LEWISTON – For the most part, the tale of a collie-shepherd mix that was mauled in Greene earlier this week ended on a happy note. A Greene couple came forward Thursday to claim the dog as their pet, according to officials at the Lewiston Veterinary Hospital. It was there that the dog was treated over three days for a gash to its throat and a chewed-up paw.

“It’s a happy, tail-wagging ending,” said Margaret McCloskey, co-manager of the animal hospital.

But several people in Greene and elsewhere across the state are still perplexed over how the injuries were inflicted on the dog. The owners were not identified and no additional clues surfaced when they came forward.

While nobody knows for sure, most animal experts are leaning toward a big cat – a bobcat, lynx or mountain lion – as the source of the wounds.

“From what I understand, the injuries were to the neck and a paw,” said Christopher Gardner, a cryptozoologist in Bangor. “That’s what cats seem to go for when they attack.”

Gardner is leaning toward a mountain lion. While state biologists admit there have been numerous reported sightings of the animals, none have been confirmed.

Gardner said: “From the research I’ve done and the people I’ve talked to, I don’t think there’s any doubt the mountain lions are back.”
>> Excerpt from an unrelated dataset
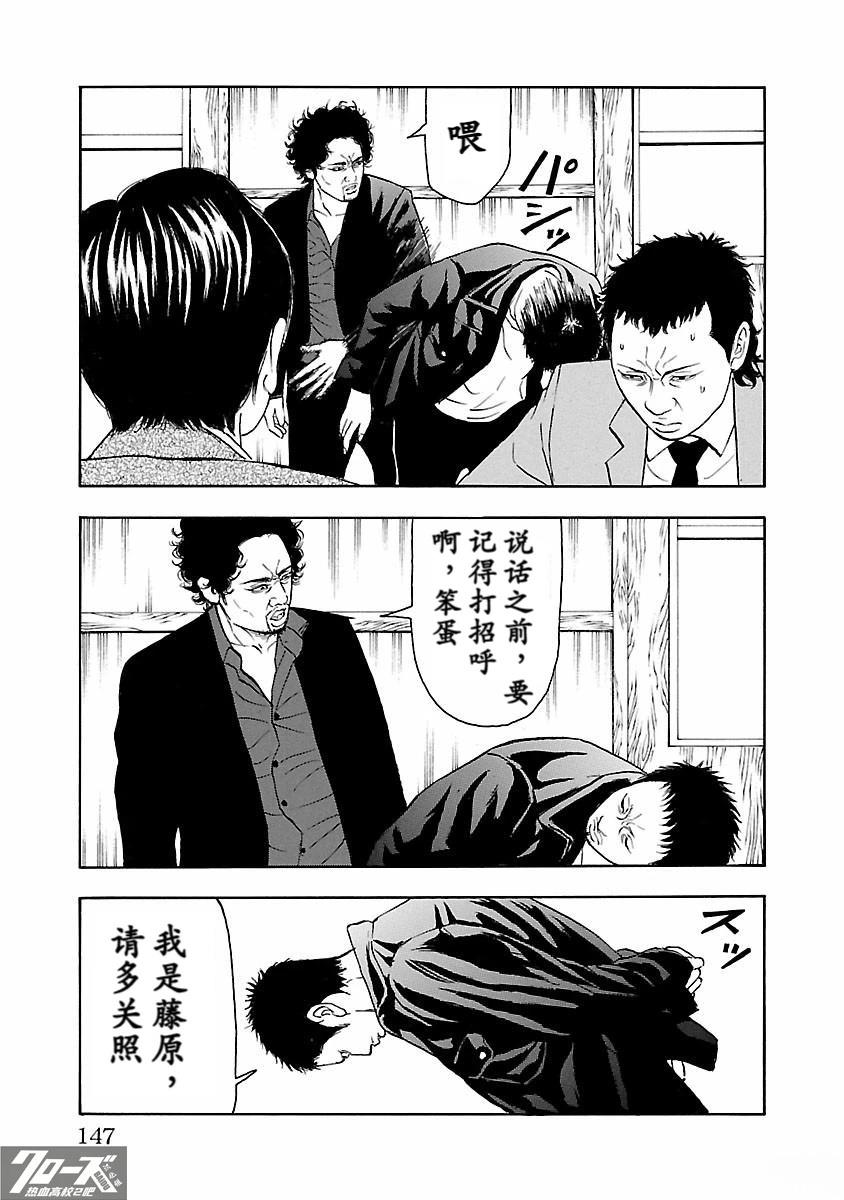 🍤热血高校 Crows Explode 第19话 第3页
Still others believe it is too soon to rule out a lynx or a bobcat as the beast that attacked the dog. Loren Coleman, considered by some to be the world’s leading cryptozoologist, said he heard from several people who live in the area where the dog was found on Monday. Two of them reported seeing a bobcat or lynx wandering through that area in recent days or weeks.

Joanne D’Unger, who lives in Leeds, stated in an e-mail that she saw such an animal on Quaker Ridge Road in Greene just six weeks ago.

“I saw an animal standing, broadside, in the middle of the road ahead and thought it must be a dog, as it appeared rather small for a deer,” D’Unger wrote. “I quickly realized that I was looking at a cat. … The hindquarters were taller than the forequarters as the back legs appeared to be longer.”

The cat ran back into the woods, D’Unger added.

Another man wrote to Coleman and stated he was driving on Quaker Ridge Road two months ago when he saw what appeared to be a lynx or a bobcat bounding across the road, not far from the intersection at Route 202.

Wendell Strout, the animal control officer who brought the injured collie-shepherd to the hospital, cautioned that the source of the animal’s injuries might not be as exotic as a wild beast. Chances are just as good, he said, that the collie was attacked by a bigger domestic dog.

At the Veterinary Hospital in Lewiston, officials also wonder what caused the wounds to the dog they came to call Buddy. But they were more concerned about the dog’s health as it left the hospital, and all was well in that regard.

“It was a good ending,” McCloskey said. “The staff is just ecstatic.”